Having a relatively small about of convertible debt on your balance sheet prior to your Series A financing is not a bad thing. I am a big fan of convertible debt (with appropriate terms). Typically the convertible debt automatically converts in a Series A round of at least $X within Y time frame. So $X might be at least $1mm and Y time frame might be within 18 months of the convertible debt issuance. The X and Y are negotiated, with the Y typically being a date shortly before the convertible debt is all used up by the company in its operations.

One interesting point that comes up a lot is how to factor the convertible debt into the premoney valuation of the Series A round. Let’s assume the following:

- Common Stock outstanding: 3,400,000 shares owned by the founders.
- Option pool: 500,000 shares (some issued, some reserved, but that is typically irrelevant as the whole pool is normally factored into the premoney share price calculation)
- $62,000 of convertible debt outstanding with $13,700 of aggregate interest accumulated, which also converts as well in the qualifying round. And let’s assume that the debt has a 20% conversion discount. I am going to ignore any valuation cap feature.
- Series A premoney valuation negotiated to be $3mm.

So, to calculate the Series A share price, you take the premoney valuation of $3mm and divide it by the number of premoney shares, which again will typically include the whole option pool. So, $3mm/(3,400,000+500,000) = $.7692 per share. That would be the share price of the Series A stock being sold to new Series A investors.

But, what about the convertible debt? The convertible debt has what I like to call “purchase power” equal to ($62,000+$13,700)/(1-20%)= $94,625. That is how much Series A stock will be issued to the debt holders.

If you don’t factor this purchase power into the premoney valuation, the Series A **new** investors are going to end up with less than what they expect. In our example, if the premoney is $3mm and the Series A new investors are putting in $1mm, then they expect to own 25% of the company after the closing ($1mm invested/$4mm post money). But, when you factor in the convertible debt purchase power, the post money valuation is actually $4,094,625 (just $3mm premoney plus $ amount of Series A sold). So the new Series A investors end up with 24.4% ($1mm/$4,094,625). Granted, that is not much dilution, BUT what if there were like $600K of convertible debt instead of $62K. Ouch, then the dilution is real.

The easiest way to deal with this issue (and the way I like to deal with it), is to simply subtract the convertible debt purchase power from the negotiated premoney valuation. So, in our example, the new premoney valuation would be $3mm minus $94,625 = $2,905,375; the new Series A share price would be $2,905,375/(3,400,000+500,000) = $.7450 per share (note how it is lower than the per share price calculated above). And the post money would be $2,905,375 + $1,094,625 (which is the total Series A sold including the convertible debt) = $4mm. And, viola, the new Series A investors who put in the fresh $1mm own 25% post money.

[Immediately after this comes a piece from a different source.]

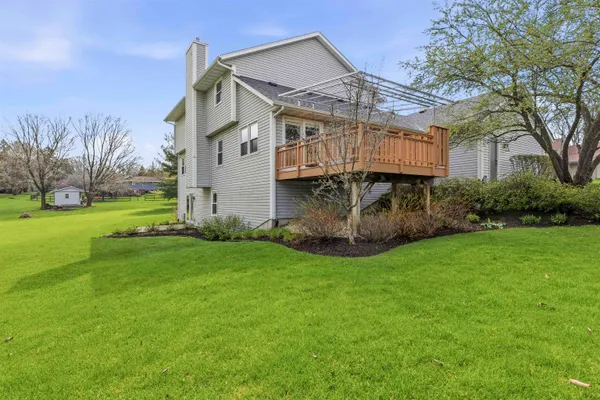 $449,900 | 6990 Skyview Trail, Roscoe, IL 61073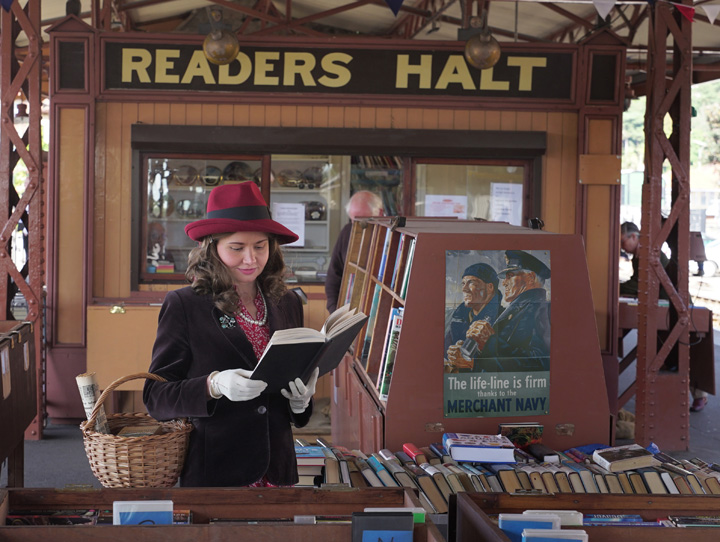 1940s girl reading a book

The one big issue to keep at the front of your mind is that the more convertible debt you have on your balance sheet prior to the Series A round the bigger the impact on the “true” premoney valuation (in the downward direction). It can get painful so make sure to manage your expectations.

Very interesting and helpful for those of us who don’t “live” daily in these calculations, Zach. It might be just a touch clearer if you note in the text that a 20% conversion discount is equivalent to dividing by (inflating) the total debt + accrued interest by .8, and then just use “/.8″ in the equation rather than “1-20%” which is a notation that confused me at first. But great job.

Would really like to see this same calculation, taking a pre-money cap into consideration. When a pre-money cap results in lower price per share than a discount, you have to lower the pre-money valuation further. I keep getting a circular reference on this.

John, I don’t have the calculation handy, but you are right!